Of course, there are some things which the French do extremely well. One, not entirely confined to their political classes, is to squabble interminably and another, of more general utility, is to demonstrate.
The first talent was well illustrated this morning by a long piece in The Independent, which was the only "quality" mainstream newspaper to carry a substantive EU story today.
Headed: "French vote on EU threatens to tear apart Socialist party", Paris correspondent John Lichfield retails how the Socialists risks tearing themselves apart over the EU referendum. "The mood within the party is terrible, dramatic, the worst I've known in 20 years as a Socialist," a former minister and leading member of the party tells Lichfield.
Despite the internal referendum last December, when members returned a pro-constitution majority, the party's left wing and several senior leaders have refused to abide by the result. Leader of the Socialist "yes" camp, François Hollande, was booed and pelted with snowballs by anti-EU treaty Socialists and members of more extreme left-wing parties at a rally in France last week.
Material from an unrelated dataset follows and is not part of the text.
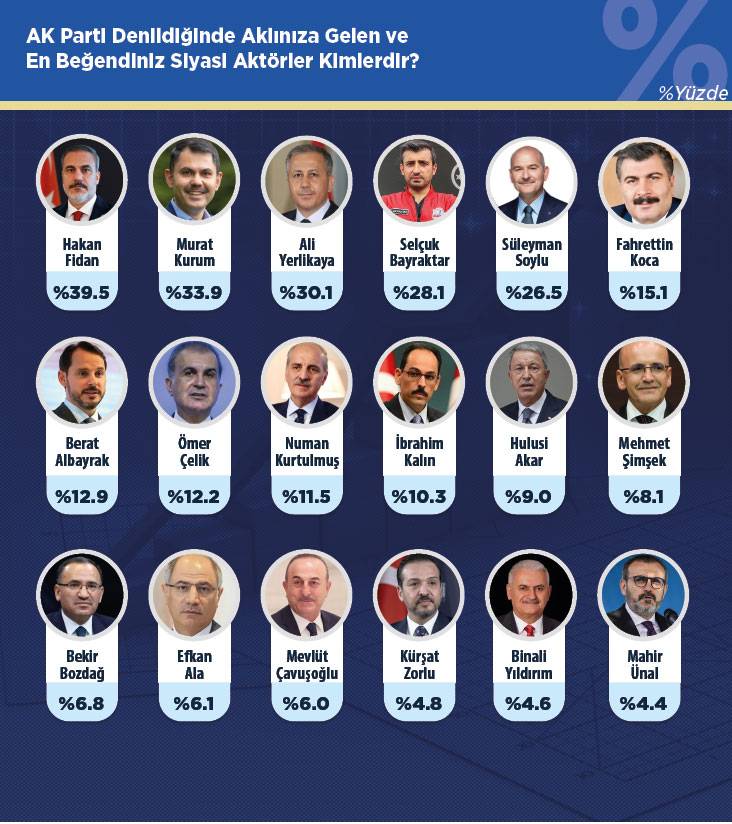 Son anketten dikkat çeken sonuçlar! AK Parti yeniden birinci parti 15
Former party secretary general, Henri Emmanuelli, is now saying that a Socialist vote for the constitution would be a repeat of earlier "mistakes" such as Socialist politicians' support for the collaborationist Marshal Pétain in 1940.
Akin to spitting in church, his remark drew furious denunciations from Hollande and other party leaders, forcing Emmanuelli to apologise – but the deed had been done, signalling the eruption of open warfare within the Parti Socialiste
More immediately, says The Independent, this threatens the bi-partisan centre-right and centre-left campaign for a "yes" vote in the referendum, due on 29 May.
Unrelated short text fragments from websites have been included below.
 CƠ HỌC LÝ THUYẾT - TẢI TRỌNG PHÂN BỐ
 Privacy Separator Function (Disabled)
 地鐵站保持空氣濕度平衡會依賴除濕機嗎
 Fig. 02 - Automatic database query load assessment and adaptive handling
And although polls still show a 60-40 split in favour of the constitution, pro-EU politicians of right and left fear that high unemployment, a widespread sense of political and economic malaise, the split in the Socialists and the extreme unpopularity of the centre-right government of Jean-Pierre Raffarin could yet sink the "yes" vote.
That was the Independent "take" on the situation, but others has already had their say. Yesterday, it was the Sunday Herald having a go, with the headline: "Chirac told: halt France's decline or forget the EU".
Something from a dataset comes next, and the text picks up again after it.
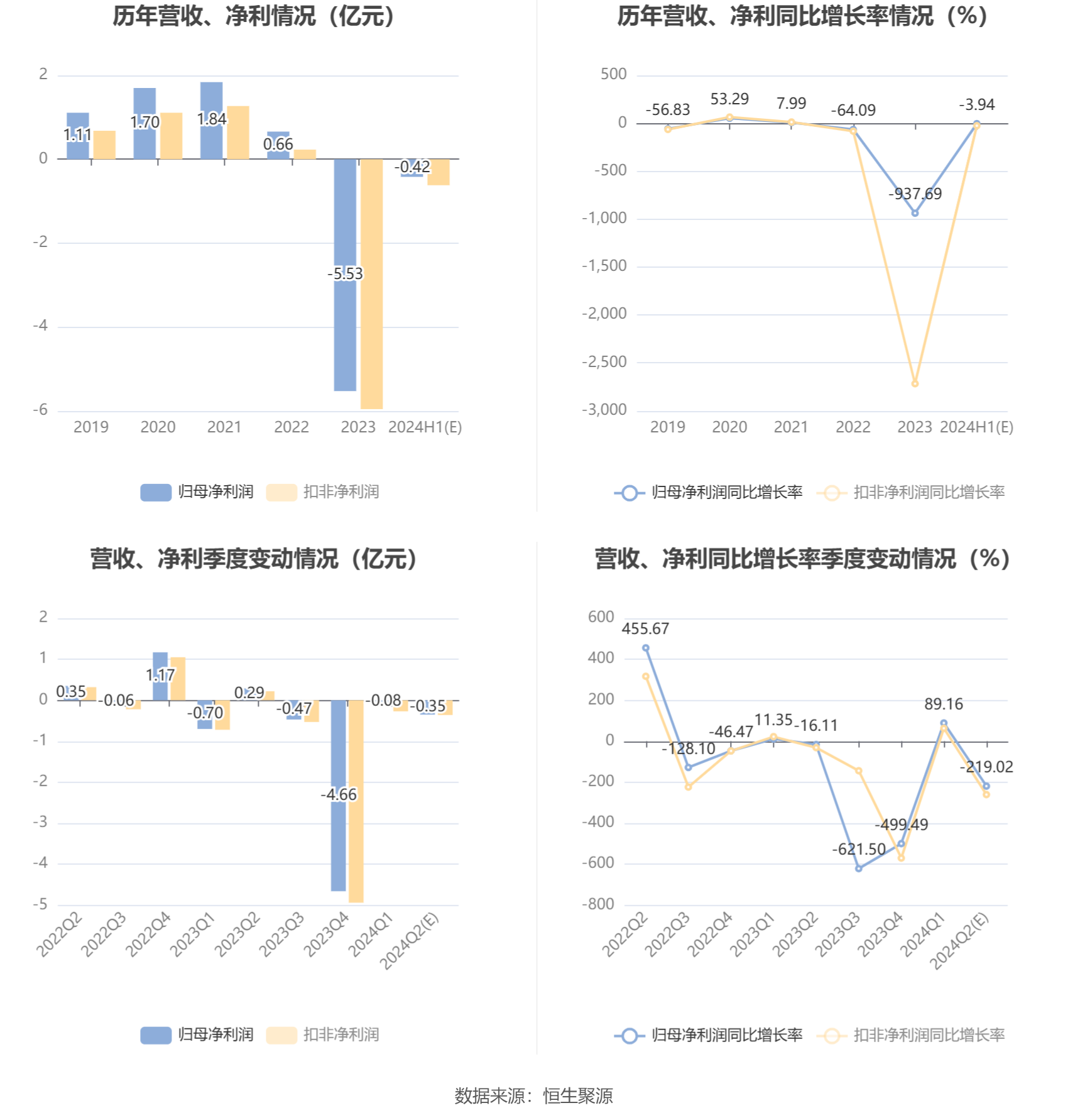 四创电子：预计2024年上半年亏损3699万元-4758万元-第6张图片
This paper reported on Tuesday's "mammoth demonstrations" across France which had "brought out the usual cavalcades": Greying veterans of May 1968, legions of railwaymen, teachers and their students, union apparatchiks, civil servants of every grade, journalists, air-traffic controllers and museum staff: all marching beneath a colourful display of banners and balloons and to an ear- splitting din of firecrackers and foghorns.
Le manif, said the Herald, is a ritual in France, and the ritual of the day after – apart from clearing up the tons of debris – is assessing the numbers that took part and deciding whether or not the campaign has been a success. Assessments by tradition vary ludicrously. This time the unions said 150,000 people took part in the Paris protest; for the police it was 35,000.
Not that it mattered. By Friday morning the consensus had settled: the mass movement had exceeded the unions’ hopes. More than one million workers – including many, unusually, in the private sector – had downed tools. The government of President Jacques Chirac, commentators agreed, should be seriously rattled – and not just because the demonstrations took place at the same time the Olympic assessors were in town.
But for Chirac, and his long-suffering prime minister, Jean-Pierre Raffarin, the banners that counted were elsewhere. They were proudly arrayed along a substantial section of the cortege – and though their message flew in the face of the official policy of the opposition socialists and most trade unions, nobody on the march seemed to mind. The words were: "Non à la constitution Européenne!"
The Sunday Times took up the story, showing a photograph of some of the banners – these read: "Pour moi, c’est NON". One banner had the additional words, "Une autre Europe est possible!", but on the others, it looked as if that slogan had been hacked off.
Under its headline, proclaiming: "Chirac tries to buy off the 'non' vote", The Times told us that Chirac had adopted the standard French reflex to the unrest: he had reached for the chequebook, undertaking to pay his bloated ranks of state employees and extra one percent salary increase.
But it was to Reuters that we had to turn to find out why Chirac had taken this action.
Apparently, a survey for the L'Express weekly news magazine had reported opposition to the constitution rising to 44 percent from 37 percent since January and, crucially, the "no" vote had most support among public sector staff, at 57 percent.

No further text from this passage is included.